However, closer to the date, investors became jittery and the increased uncertainty over the results of the UK referendum kept the markets on their toes and risk aversion spread quickly only to reverse in the days before the referendum as polls once again indicated a Remain vote might just nudge ahead. However, on 24 June, markets woke up to mayhem, panic last seen in September 2008 (Lehmans'), as the British electorate voted out of the European Union. Clearly, this was not the result many international players were gearing for, and was evidently not the most market-friendly outcome, as all risky assets sold off heavily, with some percentage changes even reaching double digits on the day in major equity indices. It is worth mentioning though that given the large swings, emerging market credit came out relatively unscathed from all happenings in the developed world.
One might argue that, on the positive side, Brexit has brought about interesting opportunities but it would be too premature to estimate the extent of damage and ramifications of the 23 June referendum result, particularly on a global scale. The economic damage could be in its infancy and will only start to show up in statistical economic data in a couple of quarters’ time. The biggest dilemma for investors will be how to tackle this transitory period, as long and even medium-term plays will look more hazy.
Small crises have often been welcomed in our markets but with worries of contagion and central banks having to intervene heavily to steady the ship, this one could well prove just a little bit too big. It is certainly unwelcome.   
On a more reassuring note, we are excited that preparations for the 43rd Annual Trade and Forfaiting Conference are well on track to ensure another memorable ITFA event. To register on-line, to view the conference programme and for any other informative details, please click here. Please bear in mind that since the Early Bird Discount has now expired, we encourage you to register by no later than 31 July in order to avoid incurring the late registration fees. 

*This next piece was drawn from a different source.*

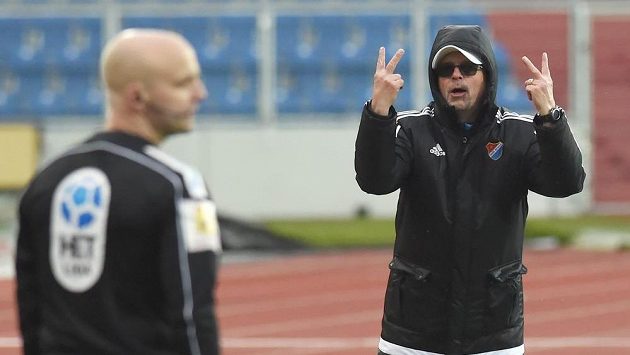 Trenér Bohumil Páník ukazuje kolik gólů sudí Baníku neuznali. Trenér Bohumil Páník ukazuje kolik gólů sudí Baníku neuznali.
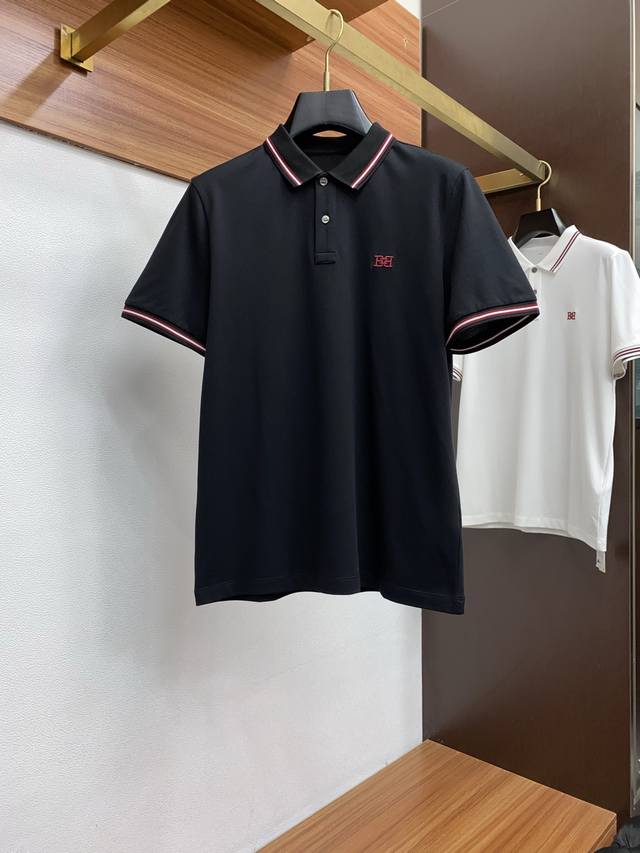 巴利 臻品定制系列的设计polo衫确实独具匠心，展现了定制服装的精致与品味。定制细纹珠地材质，不仅触感柔软舒适，还具有良好的透气性和吸湿性，确保穿着者在任何场合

In this month’s Newsletter, we present a technical paper titled ''Market Comment on the Repercussions of Negative Reference Rates (for example LIBOR)''. We also invite you to read an interesting article prepared by Marian Boyle (Sullivan & Worcester) on the Insurance Act 2015 - Are you ready? Finally, the ITFA Board is pleased to announce that ITFA is now registered as a non-profit-making association in the Swiss Registry of Commerce.

We look forward to hearing from you with any feedback you may want to share with us by sending an email to myself, any of the Board Members or to our general email, info@itfa.org.

Best wishes,

Sean Edwards

Monday, 11 July 2016


Following the recent decisions by several central banks to set negative benchmark interest rates – in addition to Japan, most notably the European Central Bank (ECB) and subsequently Switzerland, Denmark and Sweden – there are some repercussions that need to be considered by Trade Financiers.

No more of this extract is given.